**DATA SECTION:**

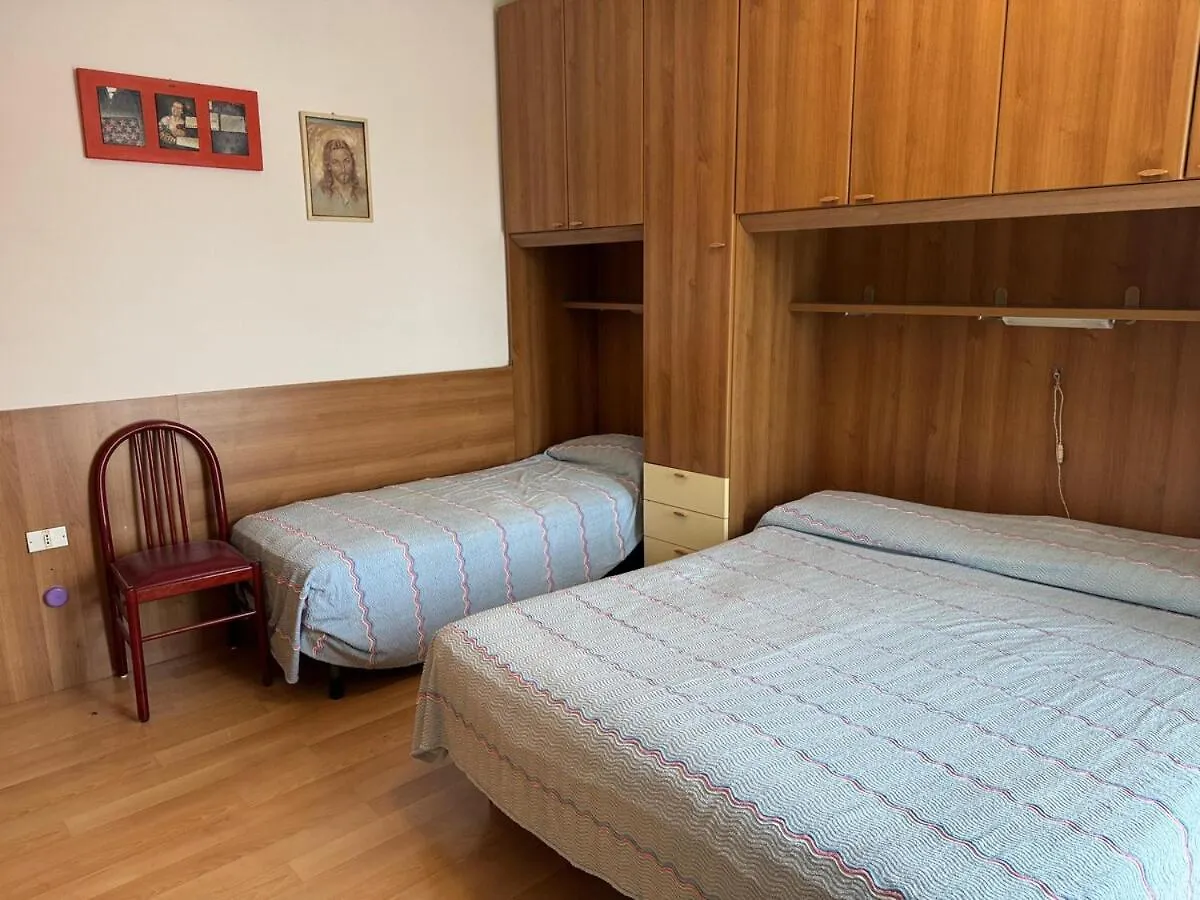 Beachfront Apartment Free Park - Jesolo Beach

...

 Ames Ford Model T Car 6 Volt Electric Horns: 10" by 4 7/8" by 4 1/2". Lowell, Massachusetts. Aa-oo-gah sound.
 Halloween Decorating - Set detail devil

**EXERCISE:** Reproduce, word for word and in full, only the lines above that start at the line with "Ames Ford Model" and run through the line with "Halloween Decorating - Set detail devil", both ends included.

**OUTPUT OF THE TASK:**
 Ames Ford Model T Car 6 Volt Electric Horns: 10" by 4 7/8" by 4 1/2". Lowell, Massachusetts. Aa-oo-gah sound.
 Halloween Decorating - Set detail devil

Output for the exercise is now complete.